Pakistan's intelligence agency today denied claims that they secretly aid the Taliban, detailed in leaked US military reports.
The reports, released by the online whistle-blower Wikileaks, appear to support what many observers have already claimed, that the Inter Services Intelligence (ISI) organisation initially backed the Taliban as allies in Afghanistan against any Indian expansion there - and still continue to support them.
They also raised new questions about whether the West can succeed in convincing Pakistan to sever its historical links to the Taliban and deny them sanctuary along the Afghan border.

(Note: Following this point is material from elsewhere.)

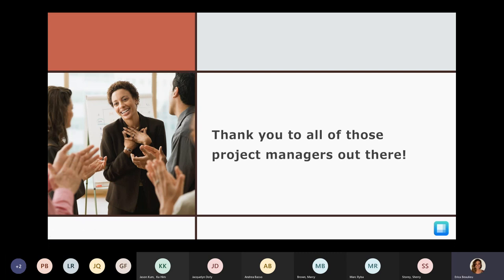I wanted to take a second to give a quick shout out to all the project managers out there. You all are the ones that keep things moving and keep everything together. The more I learn about it, the more I understand just how difficult that position can be. I hope that the information I share today makes your day-to-day just a little bit easier.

The US has given Pakistan billions in military aid since 2001 to enlist its cooperation.
But the leaked reports, which cover a period from January 2004 to December 2009, suggest that current and former officials from Pakistan's Inter-Services Intelligence agency have met directly with the Taliban to co-ordinate attacks in Afghanistan.

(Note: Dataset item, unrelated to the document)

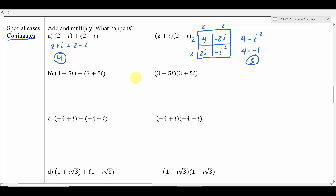So we got a 4 from adding and a 5 from multiplying. Let's do the same thing with the next pair. We're adding, so we drop the parentheses: 3 minus 5i plus 3 plus 5i. Combining like terms: 3 and 3 is 6. The negative 5i and the positive 5i add up to 0 and cancel. So we just get 6.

A senior ISI official, who did not want to be identified, denied the allegations, saying they were from raw intelligence reports that had not been verified and were meant to impugn the reputation of the spy agency.

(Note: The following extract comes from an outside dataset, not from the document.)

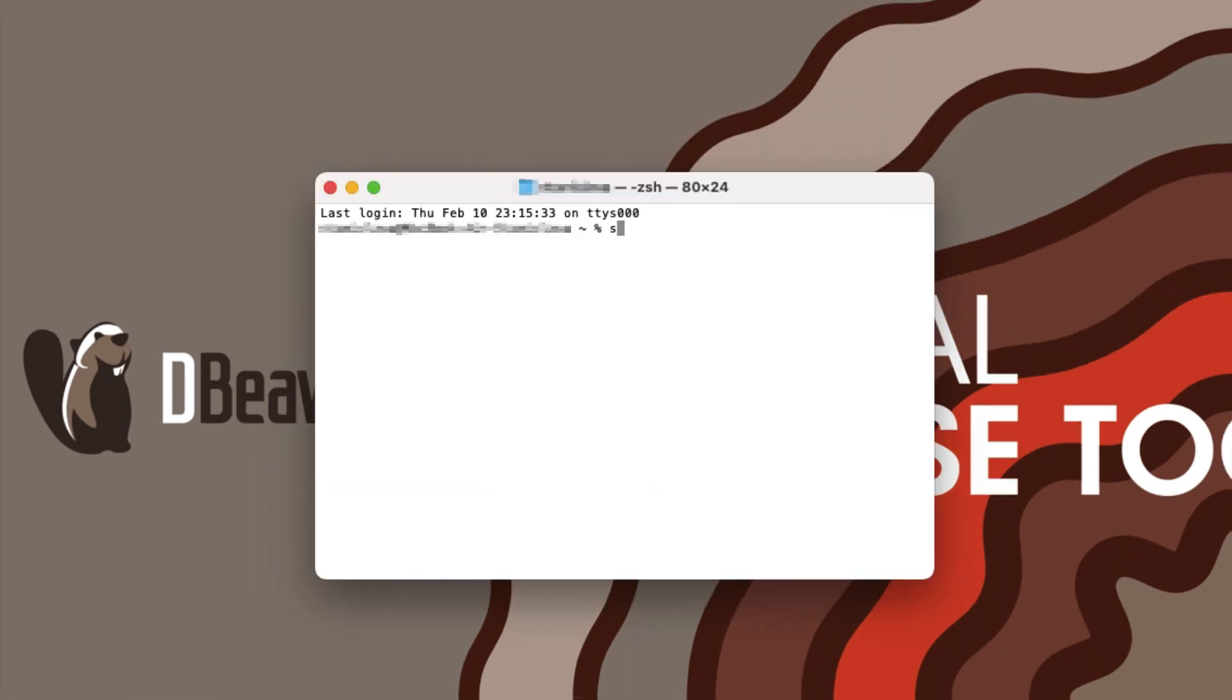If you have MacPorts installed, execute the following command: sudo port install dbeaver-community.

In one report from March 2008, the ISI is alleged to have ordered Siraj Haqqani, a prominent militant based in north-western Pakistan, to kill workers from archenemy India who are building roads in Afghanistan.
In another from March 2007, the ISI is alleged to have given Jalaluddin Haqqani, Siraj's father, 1,000 motorcycles to carry out suicide attacks in Afghanistan.
While these reports, and many of the other 91,000 released by Wikileaks, cannot be independently verified, the Haqqanis run a military network based in Pakistan's North Waziristan tribal area that is believed to have close ties with the ISI.
Other reports mention former ISI officials, including Hamid Gul, who headed the agency in the late 1980s when Pakistan and the US were supporting Islamist militants in their fight against the Soviets in Afghanistan.
In one report, Gul, who has been an outspoken supporter of the Taliban, is alleged to have dispatched three men in December 2006 to carry out attacks in Afghanistan's capital.
"Reportedly Gul's final comment to the three individuals was to make the snow warm in Kabul, basically telling them to set Kabul aflame," said the report.
Gul, who appeared multiple times throughout the reports, denied allegations that he was working with the Taliban, saying "these leaked documents against me are fiction and nothing else."
The US has had little success convincing Pakistan to target Afghan Taliban holed up in the country, especially members of the Haqqani network, which the US military considers the most dangerous militant group in Afghanistan.
Pakistan helped the Taliban seize power in Afghanistan in the 1990s. Although the government renounced the group in 2001 under US pressure, many analysts believe Pakistan refuses to sever links with the Taliban because it believes it could be a useful ally in Afghanistan after foreign forces withdraw.